A full/general memory barrier is one where all the LOAD and STORE operations specified before the barrier will appear to happen before all the LOAD and STORE operations specified after the barrier with respect to the other components of the system.
According to cppreference, memory_order_seq_cst is equal to memory_order_acq_rel plus a single total modification order on all operations so tagged. But as far as I know, neither acquire nor release fence in C++11 enforces a #StoreLoad (load after store) ordering. A release fence requires that no previous read/write can be reordered with any following write; An acquire fence requires that no following read/write can be reordered with any previous read. Please correct me if I am wrong;)
Giving an example,
atomic<int> x;
atomic<int> y;
y.store(1, memory_order_relaxed); //(1)
atomic_thread_fence(memory_order_seq_cst); //(2)
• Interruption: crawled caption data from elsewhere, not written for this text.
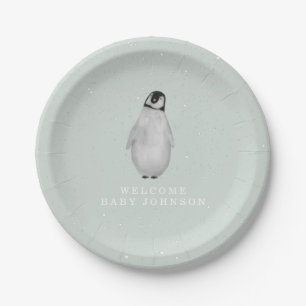 Assiettes En Carton Baby shower Bleu Bleu Bébé d'hiver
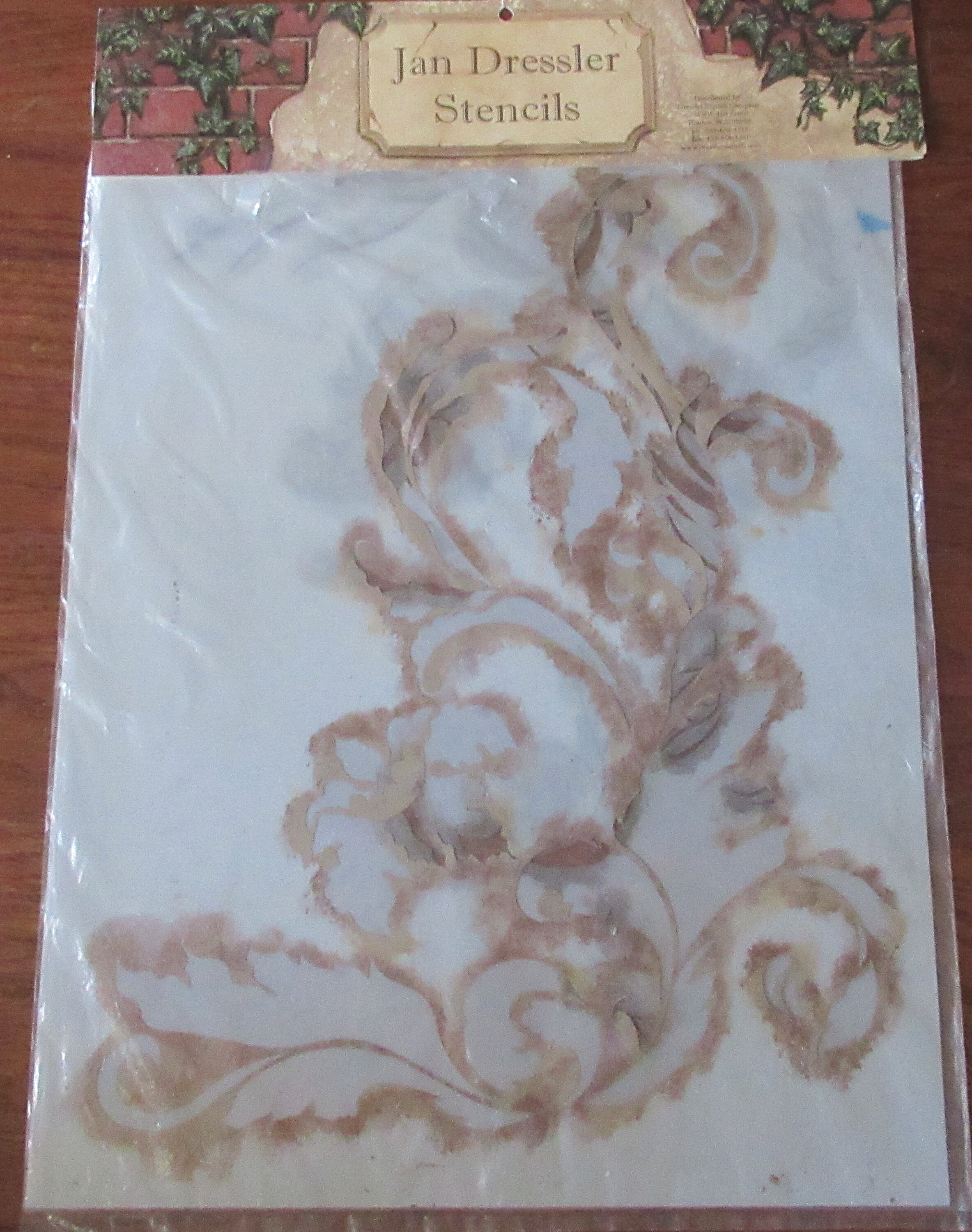 USED Jan Dressler Stencil acanthus Corner 165 From 1996 Elegant Wall or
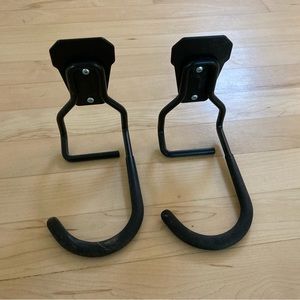 Housolution 2 Pack L Shape Vertical Bike Iron Hooks/Brackets Wall Mounted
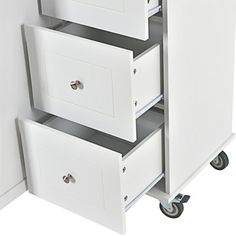 a white cabinet with three drawers on wheels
x.load(memory_order_relaxed); //(3)
Is it allowed by a optimizing compiler to reorder instruction (3) to before (1) so that it effective looks like:
x.load(memory_order_relaxed); //(3)
y.store(1, memory_order_relaxed); //(1)
atomic_thread_fence(memory_order_seq_cst); //(2)
If this is a valid tranformation, then it proves that atomic_thread_fence(memory_order_seq_cst) doesn't not necessarily encompass the semantics of what a full barrier has.
C++ fences are not direct equivalents of CPU fence instructions, though they may well be implemented as such. C++ fences are part of the C++ memory model, which is all about visibility and ordering constraints.
Given that processors typically reorder reads and writes, and cache values locally before they are made available to other cores or processors, the order in which effects become visible to other processors is not usually predictable.
When thinking about these semantics, it is important therefore to think about what it is that you are trying to prevent.
Let's assume that the code is mapped to machine instructions as written, (1) then (2) then (3), and these instructions guarantee that (1) is globally visible before (3) is executed.
The whole purpose of the snippet is to communicate with another thread. You cannot guarantee that the other thread is running on any processor at the time that this snippet executes on our processor. Therefore the whole snippet may run uninterrupted, and (3) will still read whatever value was in
xwhen (1) was executed. In this case, it is indistinguishable from an execution order of (3) (1) (2).So: yes, this is an allowed optimization, because you cannot tell the difference.